Specifically, the project group resulted in a consortium, which includes C-Job Naval Architects, SeaZip Offshore Service, Sea Machines and recently joined by MARIN and eL-Tec elektrotechniek BV. Their combined industry knowledge created this viable, innovative, and sustainable alternative which benefits both wind asset owners and guard vessel operators.
The AGV is designed for the surveillance of offshore structures throughout their life cycle, ranging from wind farms to substation platforms and cable routes. With any area that needs to be secured, the AGV can continuously monitor nearby marine traffic visually as well as via radar and AIS data.
With any vessel that approaches the area, measures will be taken to secure the area in order to avoid collisions and damage to the offshore infrastructure. An intruding vessel can be communicated with and will receive information on how to safely navigate the area as well as being physically escorted away from the site by the Autonomous Guard Vessel. Additionally, the encounter will be recorded to provide video footage in case of any violation or accident.
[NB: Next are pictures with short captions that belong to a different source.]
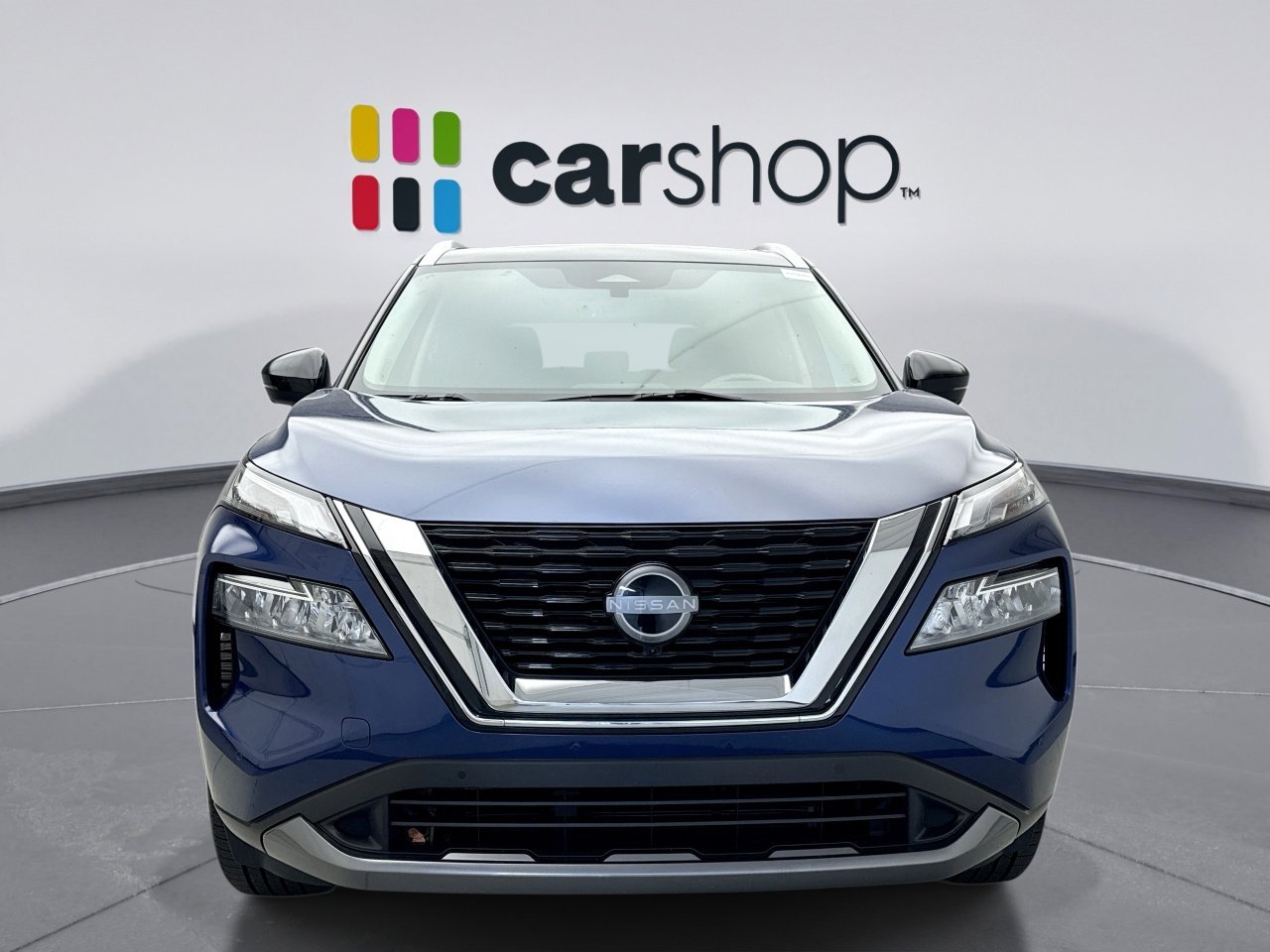 Used 2023 Nissan Rogue SL w/ SL Premium Package AWD/4WD image 8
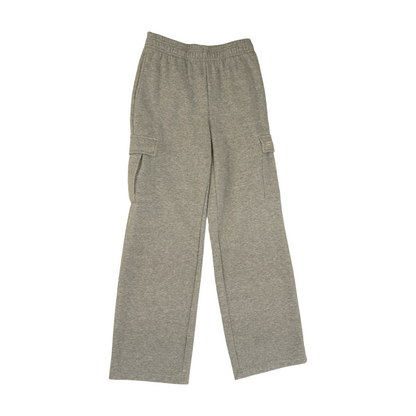 Gray Pants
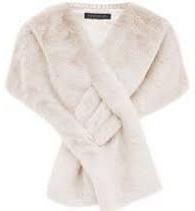 Sophia Faux Fur Wrap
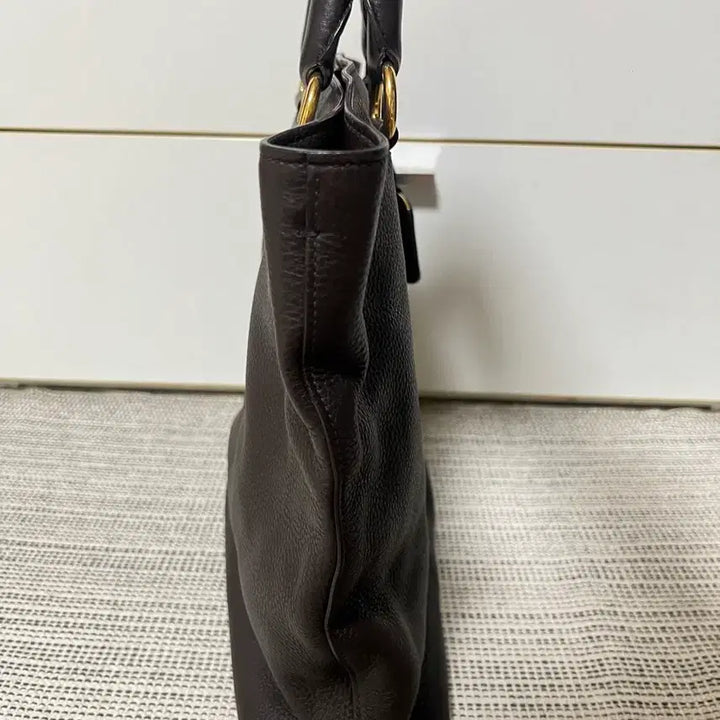 [BUNJANG] Prada Vitello Daino Tote Bag 2-Way / 프라다 비텔로 다이노 토트백 2way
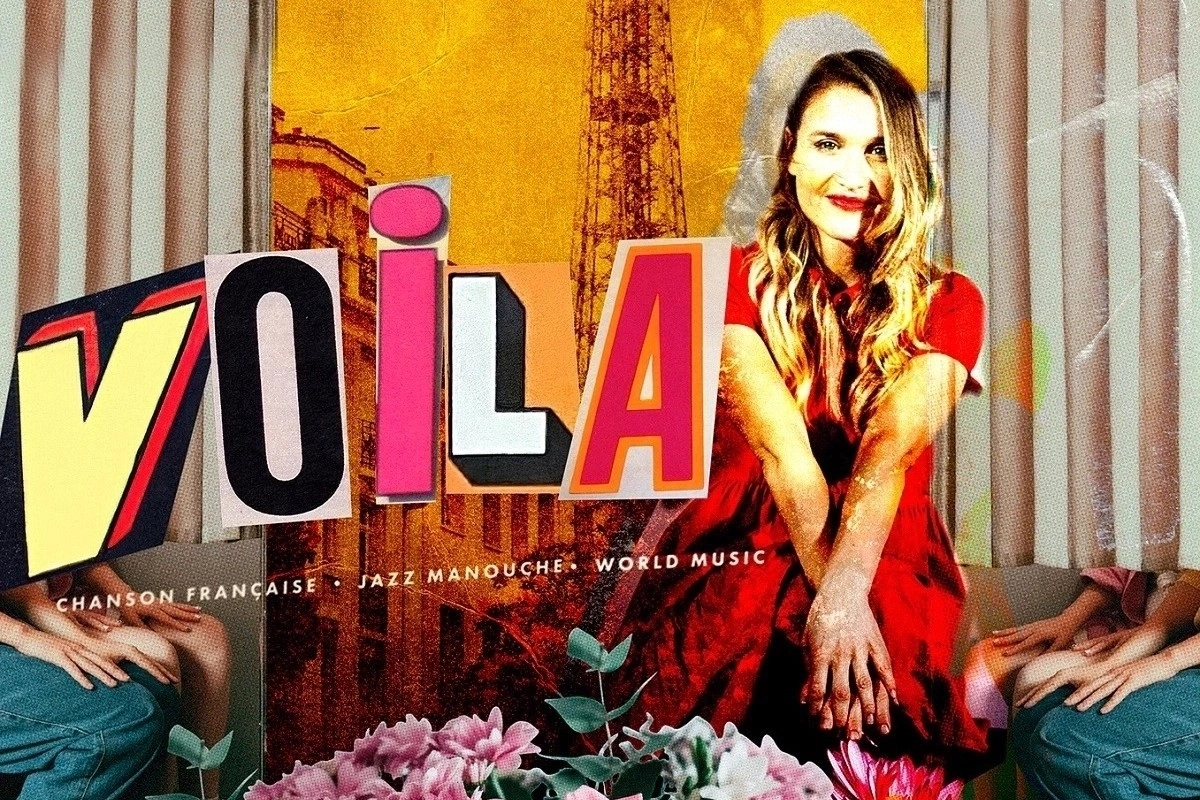 Voilà!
Pelle de Jong, Founding Partner LISA, adds that
Guard vessels perform an essential job, however, it is not the most exciting one for crew. Combined with the fact that conventional guard vessels are mostly outdated and thus aren’t necessarily the most comfortable let alone sustainable, it can be difficult to find well-trained crew willing to do the job.
It is furthermore stated that the vessel will not require crew onboard the vessel, eliminating the need of accommodation in the design, which means that the ship will be considerably smaller than existing guard vessels.
The Autonomous Guard Vessel will recharge its batteries via a charging station. The charging station can be moored independently or connected to existing equipment onsite. Depending on the situation, charging could either be via a cable connection to the on-site equipment such as an offshore transformer platform or locally generated using renewable fuels.